Os contratos de namoro surgiram como uma forma de oficializar a relação afetiva entre duas pessoas sem que isso gere implicações jurídicas típicas de uma união estável, não está previsto explicitamente em uma lei específica no ordenamento jurídico brasileiro, mas baseia-se no princípio da autonomia privada, que permite às partes celebrarem contratos e pactos de acordo com seus interesses, desde que não contrariem a ordem pública, os bons costumes e as disposições legais. Este princípio está previsto no artigo 421 do Código Civil Brasileiro:
Art. 421. A liberdade de contratar será exercida em razão e nos limites da função social do contrato.
Além disso, o artigo 104 do Código Civil estabelece os requisitos para a validade dos negócios jurídicos:
Art. 104. A validade do negócio jurídico requer:
I – agente capaz;
II – objeto lícito, possível, determinado ou determinável;
III – forma prescrita ou não defesa em lei.
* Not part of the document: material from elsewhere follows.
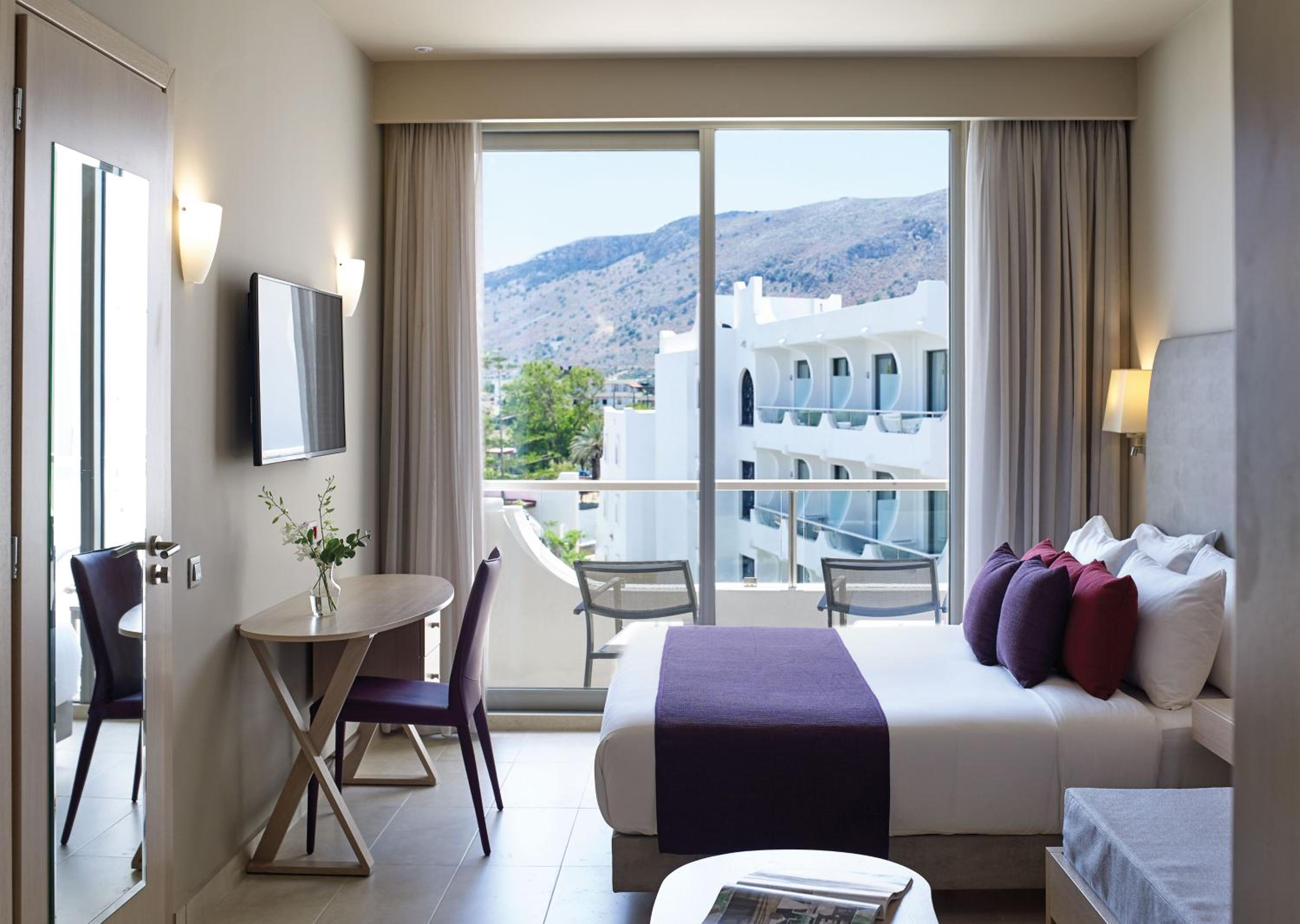 Quadruple Room Inland View photo 2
Portanto, o contrato de namoro é considerado válido desde que atenda aos requisitos gerais dos negócios jurídicos e que não haja a intenção de constituir uma união estável, o que deve ser expressamente declarado no contrato. Aplicando-se o princípio “pacta sunt servanda”, os contratos celebrados de forma livre e consciente possuem força de lei entre as partes, garantindo que os acordos sejam respeitados conforme estipulado.
Razões do Aumento
Especialistas apontam diversas razões para a crescente popularidade desses contratos. A advogada Carolina Santos explica que “muitas pessoas estão buscando se proteger de eventuais disputas patrimoniais e obrigações legais que uma união estável pode acarretar. Com o contrato de namoro, fica mais claro para ambas as partes que a relação não tem o objetivo de se transformar em união estável”.
Além disso, a insegurança jurídica e o medo de futuras ações judiciais envolvendo partilha de bens e pensão alimentícia são fatores que impulsionam essa demanda. O advogado Rafael Silva acrescenta que “a formalização do namoro é uma forma preventiva de evitar problemas no futuro, principalmente para aqueles que possuem patrimônio considerável”.
Procedimentos e Legalidade
Para que o contrato de namoro tenha validade, é necessário que seja elaborado com a orientação de um advogado e registrado em cartório. O documento deve deixar claro que não existe a intenção de constituir família ou gerar efeitos patrimoniais decorrentes da relação.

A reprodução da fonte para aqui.